Il simbolismo immediato definisce non solo la natura prima di chi si intesta tale “fotografia immaginaria e immaginifica”, ma, in alcuni casi, agisce nel tempo come “correttore” della cultura di massa, portandosi dietro effetti a lungo termine spesso distorsivi della realtà.
Tale ragionamento nasce in virtù di un processo che dall’inizio degli anni Novanta ha composto, in modo maggiore o minore a seconda dei casi, il nostro Paese, soprattutto avuto riguardo alle varie personalità politiche succedutesi in questi 30 anni.
Da ultimo, non se ne dispiaccia, protagonista di questa ricerca della “fotografia di massa” è certamente il nostro ministro degli Interni, Matteo Salvini.
Quando per la prima volta è apparso con la divisa della polizia di Stato, molti media hanno riportato la notizia con la consueta superficialità, riconoscendone (chi con sarcasmo, chi con simpatia) una naturale prosecuzione dello stile “salviniano” (tutti ricordiamo le variopinte magliette o felpe con il nome dei luoghi dove l’attuale ministro svolgeva i suoi comizi – tale abbigliamento fu un significativo simbolo di come la Lega Nord riconoscesse anche il meridione all’interno del suo processo di crescita e inclusione dell’elettorato).

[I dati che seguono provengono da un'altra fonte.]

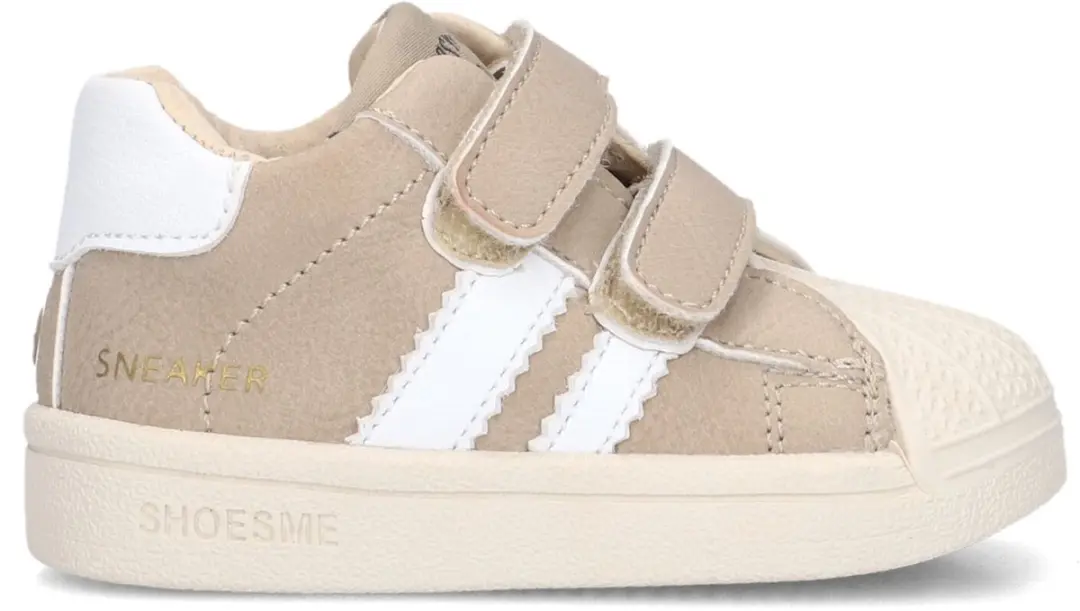 Shoesme Taupe Sneakertje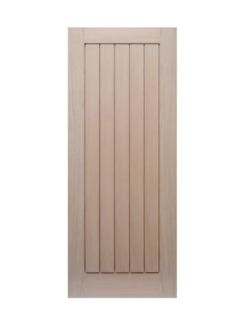 WICKES GENEVA OAK VENEER COTTAGE INTERNAL DOOR - 1981 X 838MM RRP £110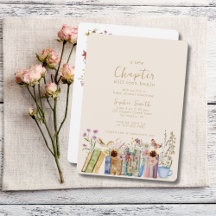 書籍とブランチ新しいチャプター赤ちゃんシャワー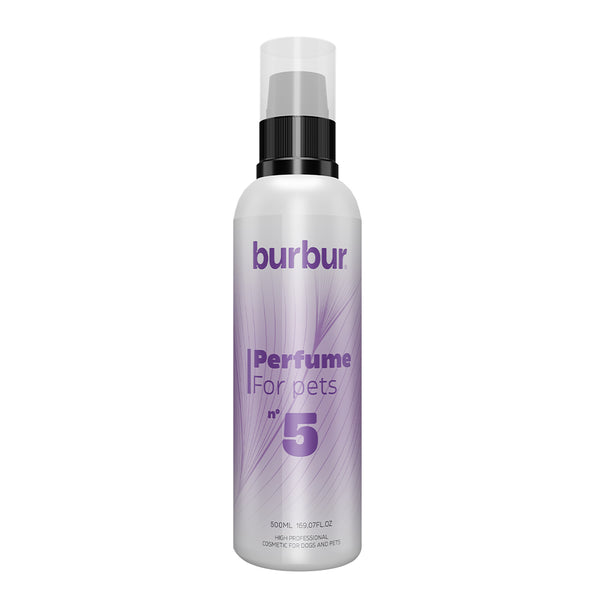 burbur pro - perfume nº 5 - 500ml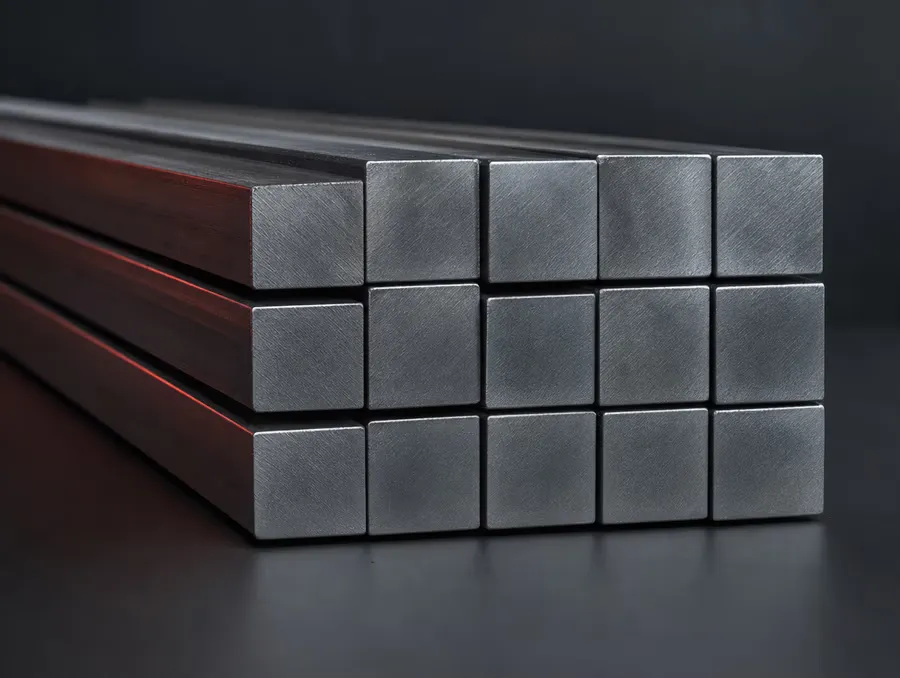 Squares steel
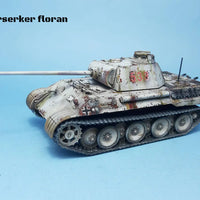 Rubicon Models 1/56 280014 - Panther Ausf D & A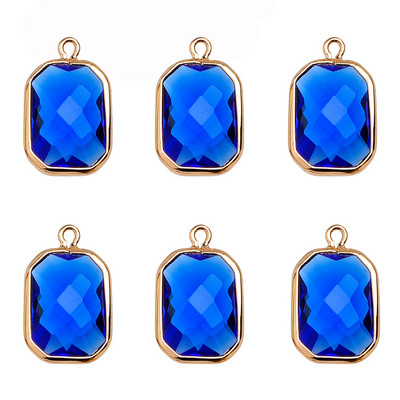 10 kom. Glamurozne, luksuzne ogrlice s dragim kamenjem u obliku kapljice, narukvice, ženski dodaci za izradu nakita, ručno izrađene DIY naušnice, privjesci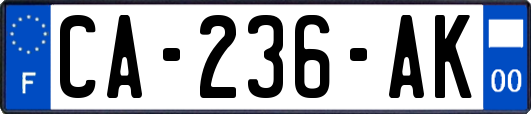 CA-236-AK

Eppure, a livello più specifico, alcuni sindacati, rappresentativi dei vari corpi dello Stato che il ministro intendeva “onorare” indossandone la divisa, non hanno visto di buon grado quella rappresentazione feticista, probabilmente preoccupati per un processo di appropriazione che rischia di svuotare il “senso di Stato” e il ruolo che quella divisa riveste nel nostro ordinamento.

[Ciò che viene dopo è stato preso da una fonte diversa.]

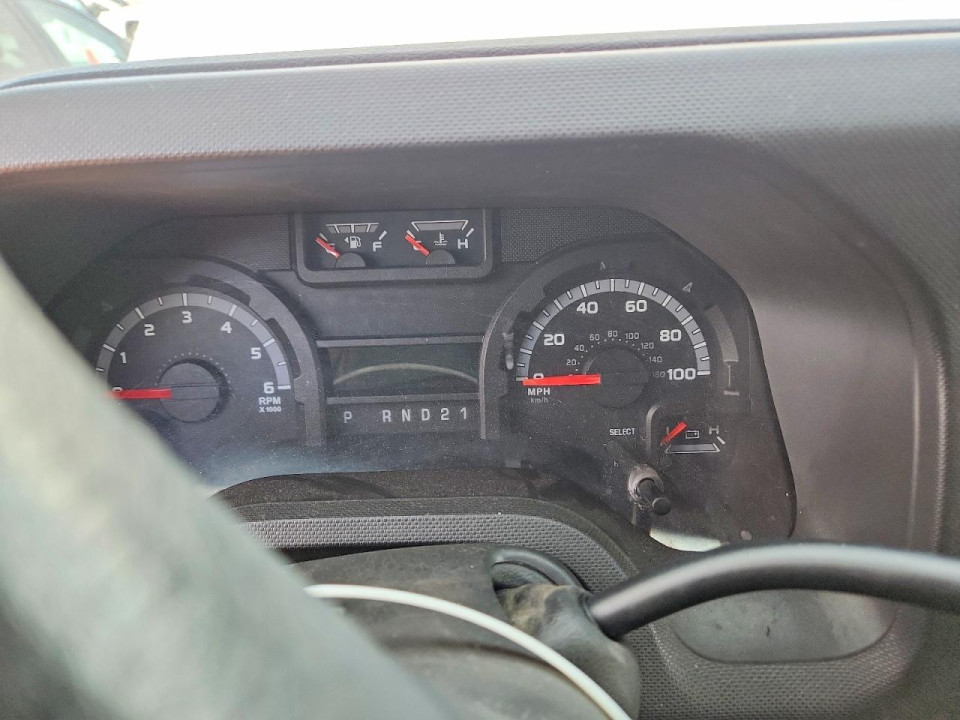 Ford ECONOLINE E350 SUPER DUTY VAN 2011 — Copart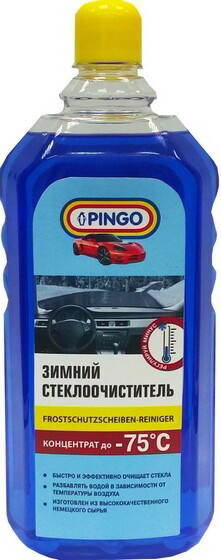 Купить запчасть PINGO - 750751 Стеклоомывающая жидкость
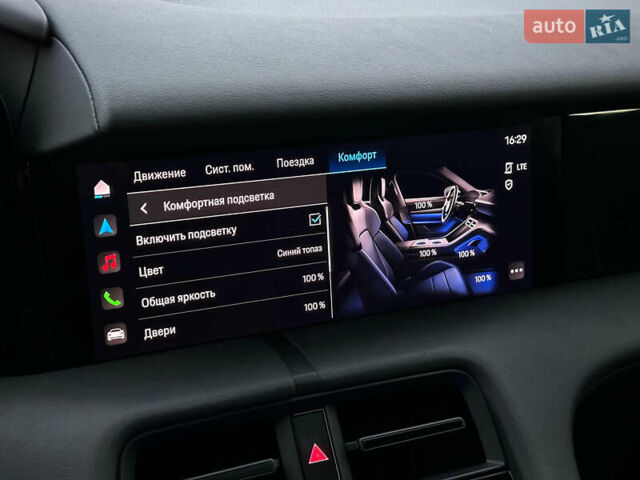 Белый Порше Тайкан, объемом двигателя 0 л и пробегом 33 тыс. км за 75500 $, фото 87 на Automoto.ua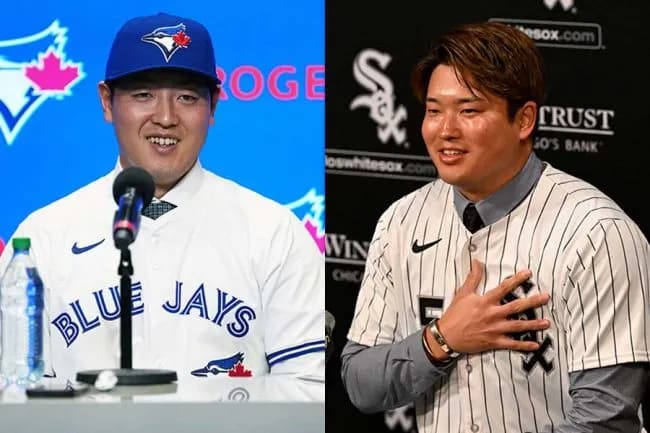【MLB】岡本と村上のオープン戦最終成績ｗｗｗｗｗｗｗ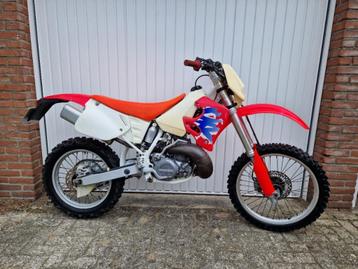 te koop Honda CR250 enduro met kenteken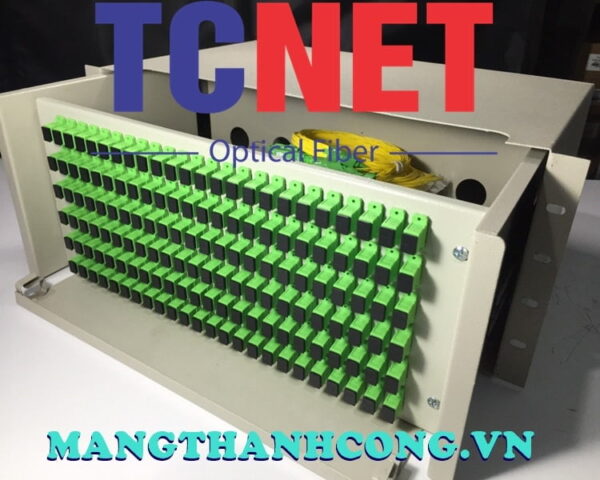 hop phoi quang odf 144fo khay truot gan rack 19 scapc sm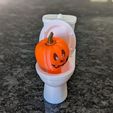 PXL_20230921_190933411.MP.jpg Pumpkin Skibidi Toilet Interactive 3D Print!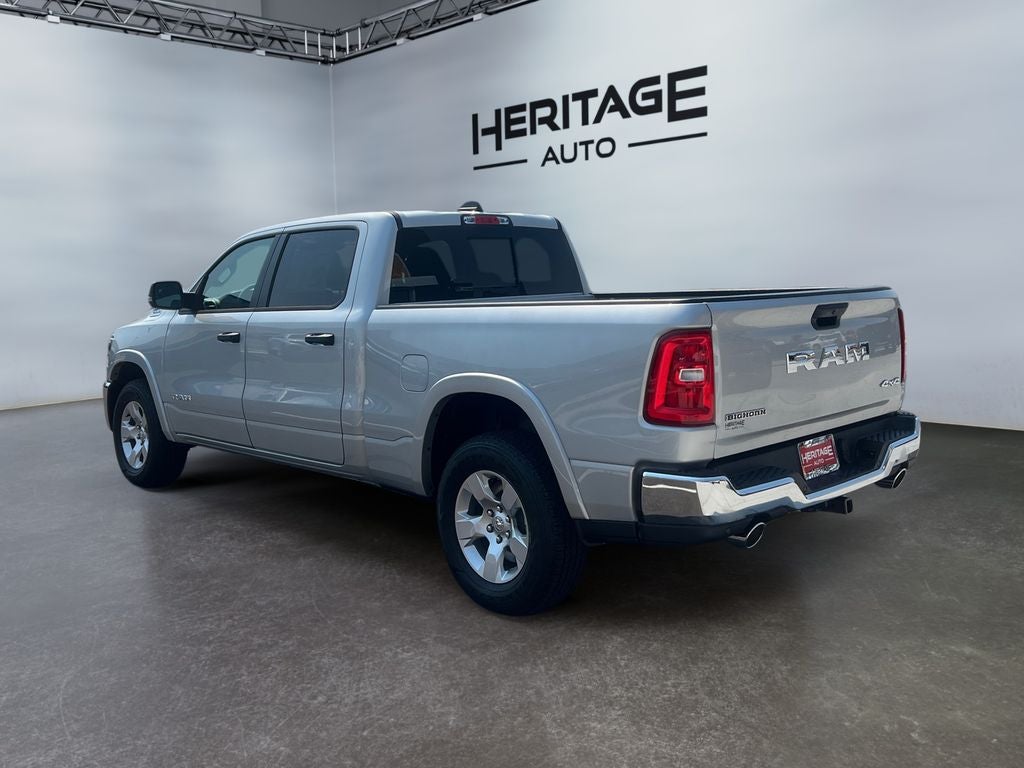 2026 RAM Ram 1500 RAM 1500 BIG HORN CREW CAB 4X4 6'4' BOX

E a ben vedere una simile fattispecie viene regolata dal nostro ordinamento penale dall’art. 498 del Codice Penale, articolo titolato come “Usurpazione di titoli o di onori”. Il testo della norma appare chiaro*, nella sua parte punitiva, ma, come spesso accade nelle norme penali, le ragioni stesse per cui il comportamento di usurpazione sia penalmente rilevante non è ben rilevabile dall’articolo.

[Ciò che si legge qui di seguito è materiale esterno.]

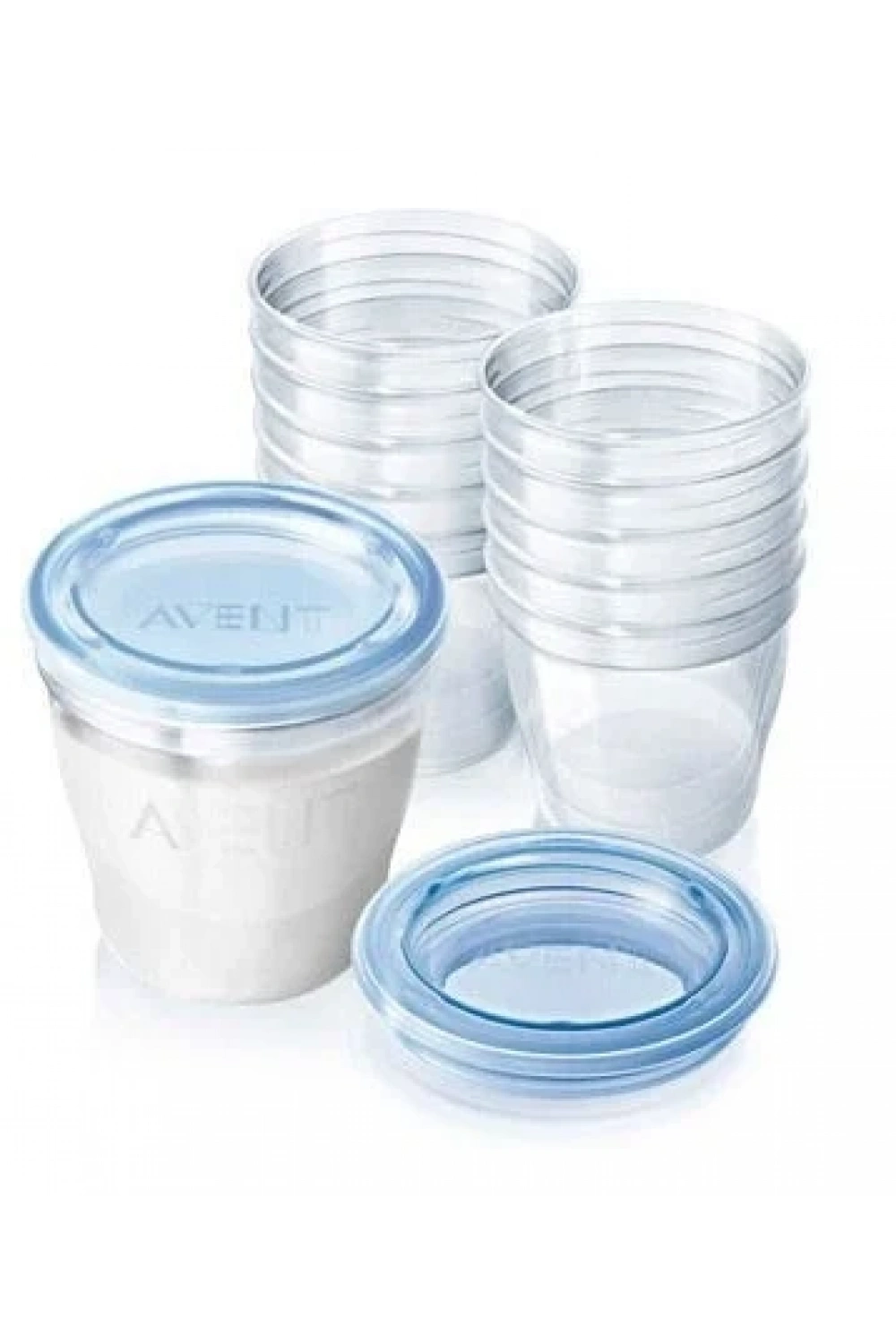 Avent Via Anne Sütü Kaplari (10 Adet) (8710103701330)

Analizzando i precedenti della giurisprudenza (le decisioni dei vari giudici che nel corso degli anni hanno applicato questa norma, narrandone nella sentenza i motivi per cui veniva applicata), da tutti viene identificato come bene giuridico protetto la pubblica fede, quella generale fiducia che viene (o dovrebbe essere riposta) dai cittadini nei confronti delle istituzioni pubbliche e di chi ne fa le veci, secondo i compiti e i doveri prescritti dalla legge. Una fiducia che nasce proprio dall’elemento di identificazione della divisa con il potere-dovere di chi la “abita”, formalmente incaricato dal nostro ordinamento di specifiche funzioni, che obbligano il pubblico ufficiale a tenere un comportamento adeguato al suo incarico.
La divisa della polizia di Stato rappresenta quindi un corpo che “dovrebbe” identificare un ruolo ben specifico e alimentare quel generale senso di pubblica fede negli organi costituzionali.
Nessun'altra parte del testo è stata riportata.